Exactly the lines below starting at the line with "Sixteen Dhamma Kings" and ending at the line with "Постановления 22-й очередной" are wanted, with both ends included. Leave out the pictures and add no other lines.
GIVEN INFORMATION Block Start
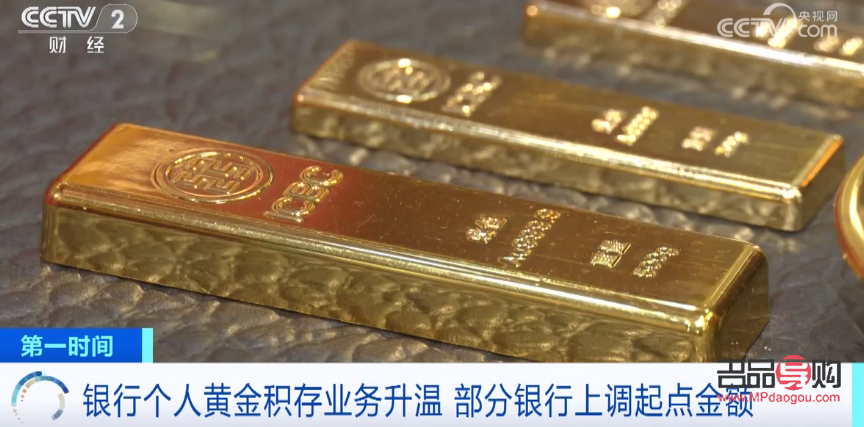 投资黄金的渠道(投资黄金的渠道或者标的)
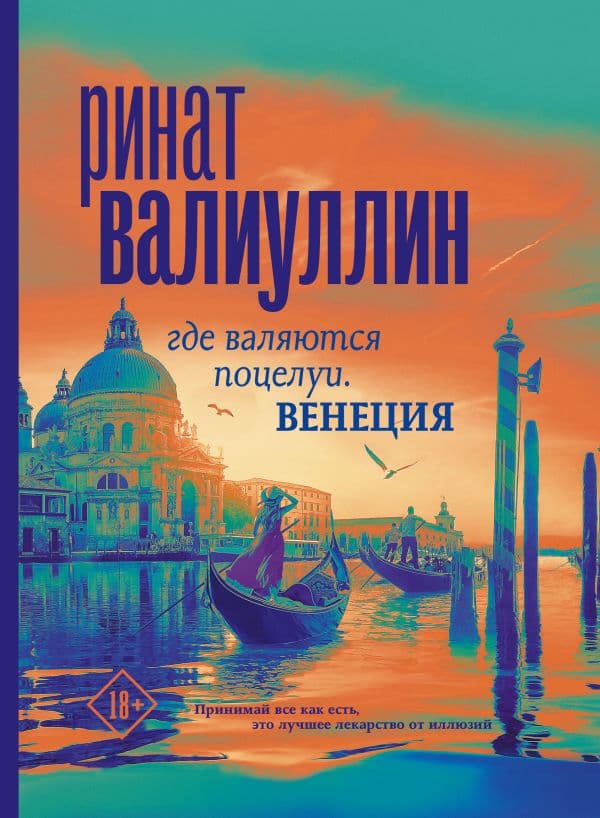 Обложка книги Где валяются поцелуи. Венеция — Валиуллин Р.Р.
GIVEN INFORMATION Block End
GIVEN INFORMATION Block Start
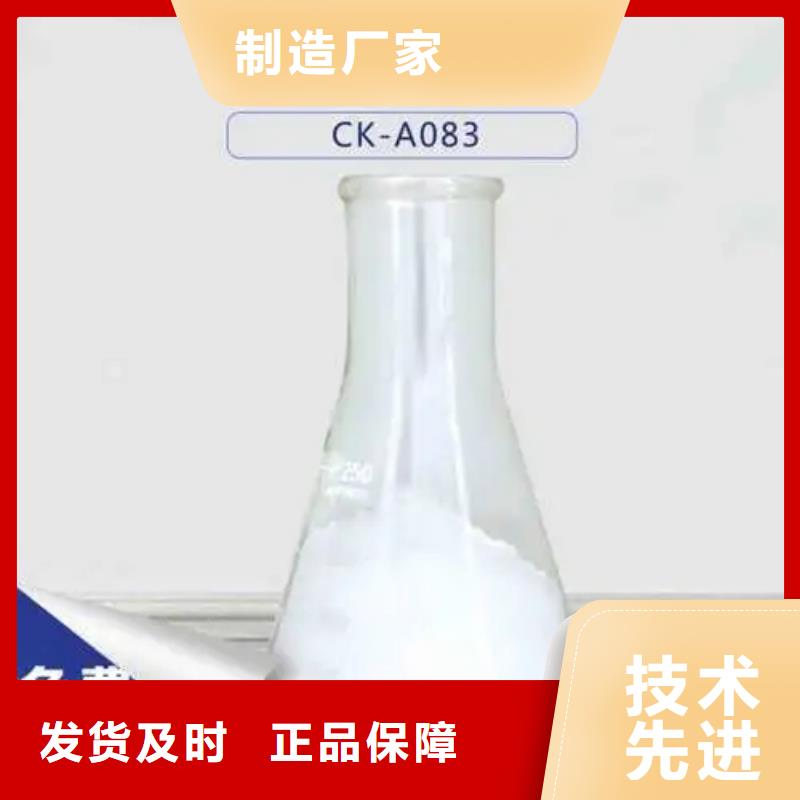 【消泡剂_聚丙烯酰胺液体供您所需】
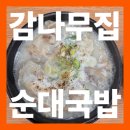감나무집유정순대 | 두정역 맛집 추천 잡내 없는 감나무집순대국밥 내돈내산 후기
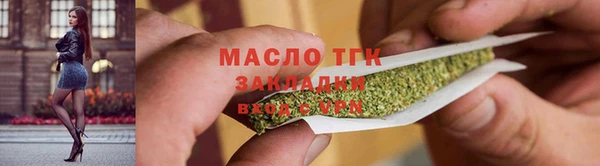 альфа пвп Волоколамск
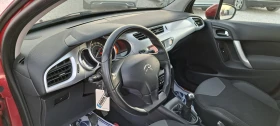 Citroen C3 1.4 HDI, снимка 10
GIVEN INFORMATION Block End
GIVEN INFORMATION Block Start
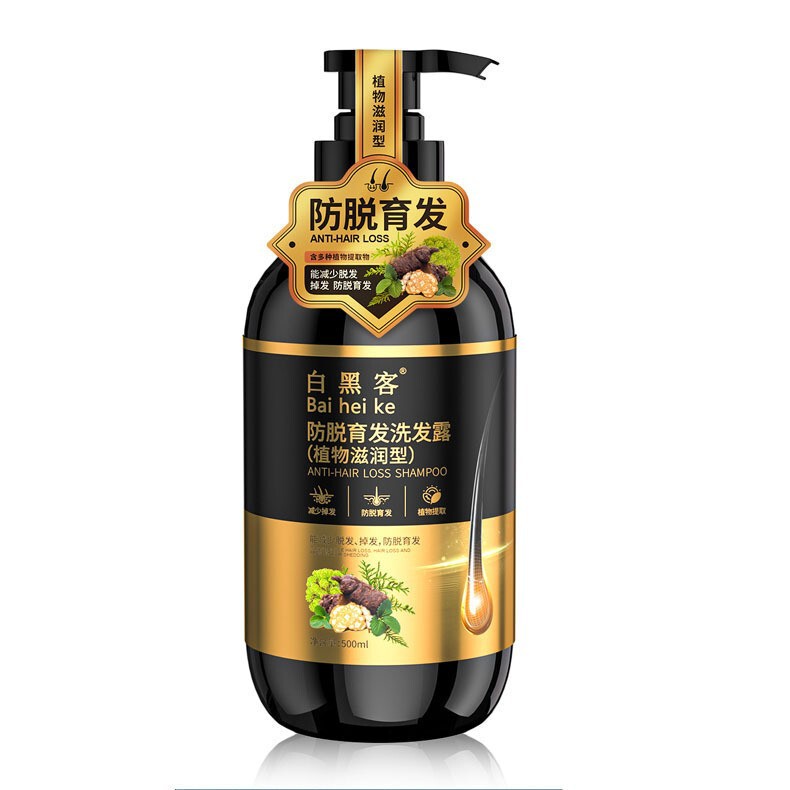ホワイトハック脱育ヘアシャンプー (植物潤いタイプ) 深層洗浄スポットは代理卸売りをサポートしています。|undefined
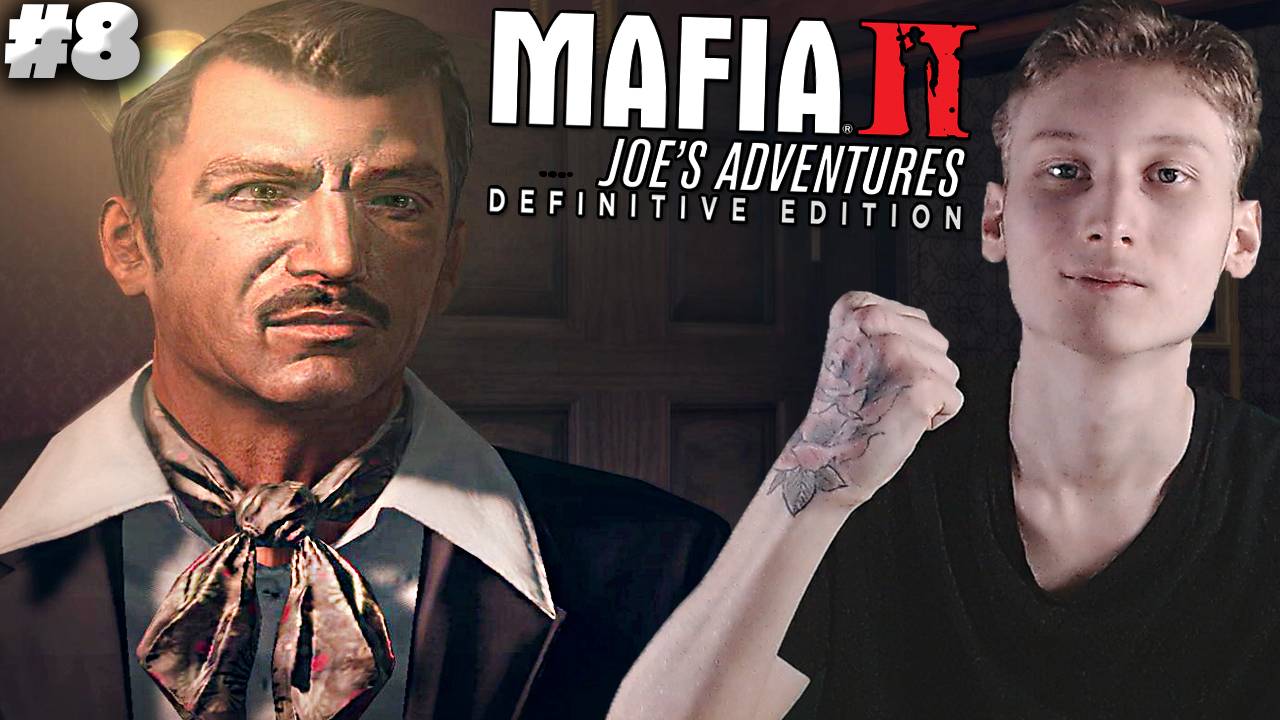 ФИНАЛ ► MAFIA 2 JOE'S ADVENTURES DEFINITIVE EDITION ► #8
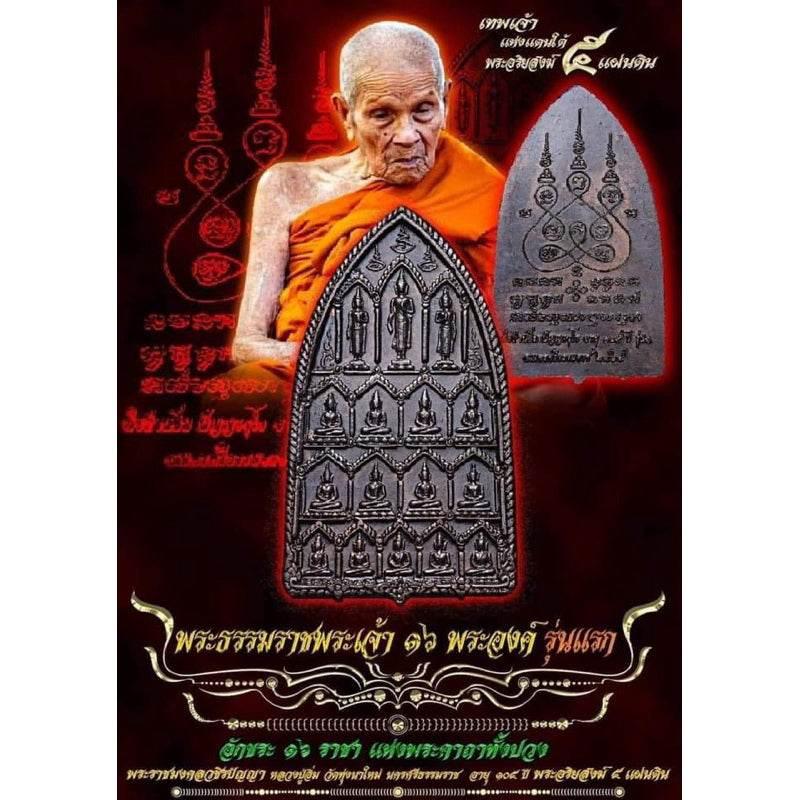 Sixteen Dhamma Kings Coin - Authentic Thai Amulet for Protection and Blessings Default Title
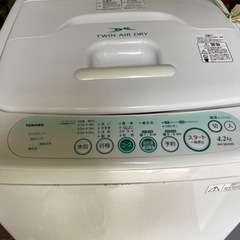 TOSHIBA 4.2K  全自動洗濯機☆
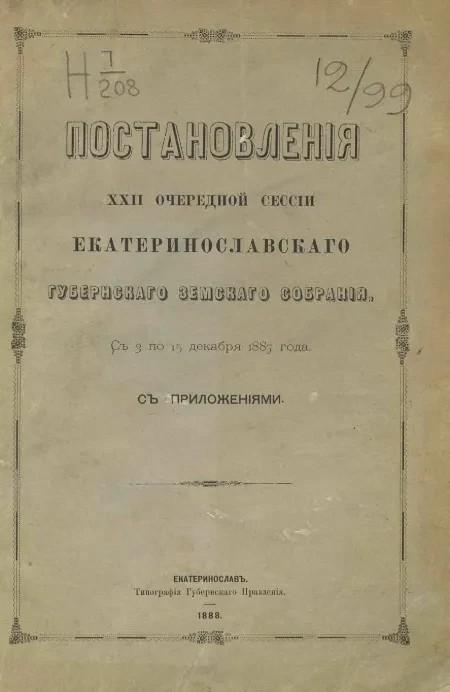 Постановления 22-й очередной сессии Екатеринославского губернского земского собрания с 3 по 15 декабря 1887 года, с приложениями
GIVEN INFORMATION Block End
● **RESPONSE TO THE TASK**
 Sixteen Dhamma Kings Coin - Authentic Thai Amulet for Protection and Blessings Default Title
 TOSHIBA 4.2K  全自動洗濯機☆
 Постановления 22-й очередной сессии Екатеринославского губернского земского собрания с 3 по 15 декабря 1887 года, с приложениями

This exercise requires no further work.